**Problem statement:**
What is needed is an exact repetition of the lines from the first one in the data through the line with "SOUNDPEATS - AIR", with no pictures.
══════════
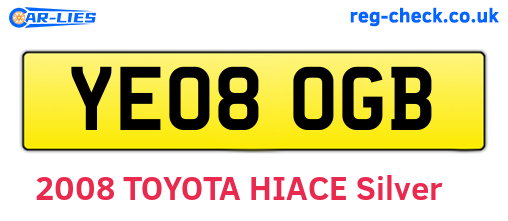 YE08OGB are the vehicle registration plates.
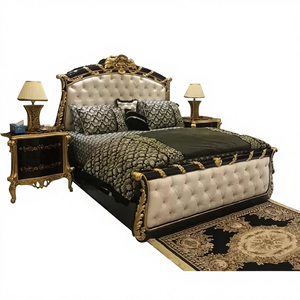 Cama Moderna de Madera de Teca Tallada a Mano con Acabado Negro y Dorado, Tamaño Queen, Estilo Antiguo, Muebles de Dormitorio - Product Image 1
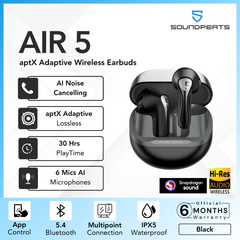 SOUNDPEATS - AIR 5 aptX Adaptive Lossless Bluetooth Wireless Earbuds - Black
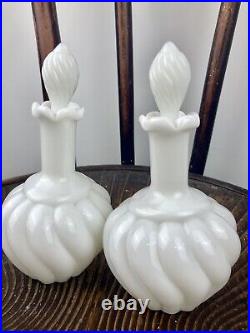 Vintage Fenton Swirl Milk Glass Bottle Perfume Vanity Set of 2 with Bonus Jar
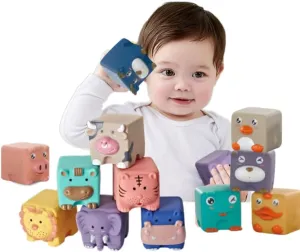 Chewable Soft Silicone Animal Blocks for Babies 6M  - 12PCS Teething Toys with 12 Animal Shapes, BPA-Free Sensory Toys for Early Learning & Motor Skills Development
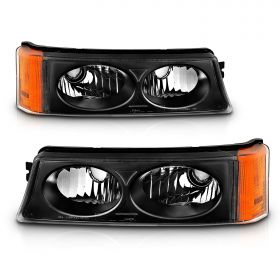 AmeriLite for 03-06 Chevy Silverado Avalanche Black Replacement Bumper Parking Turn Signal Lights Set - Passenger and Driver Side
══════════
**Written reply:**
 YE08OGB are the vehicle registration plates.
 Cama Moderna de Madera de Teca Tallada a Mano con Acabado Negro y Dorado, Tamaño Queen, Estilo Antiguo, Muebles de Dormitorio - Product Image 1
 SOUNDPEATS - AIR 5 aptX Adaptive Lossless Bluetooth Wireless Earbuds - Black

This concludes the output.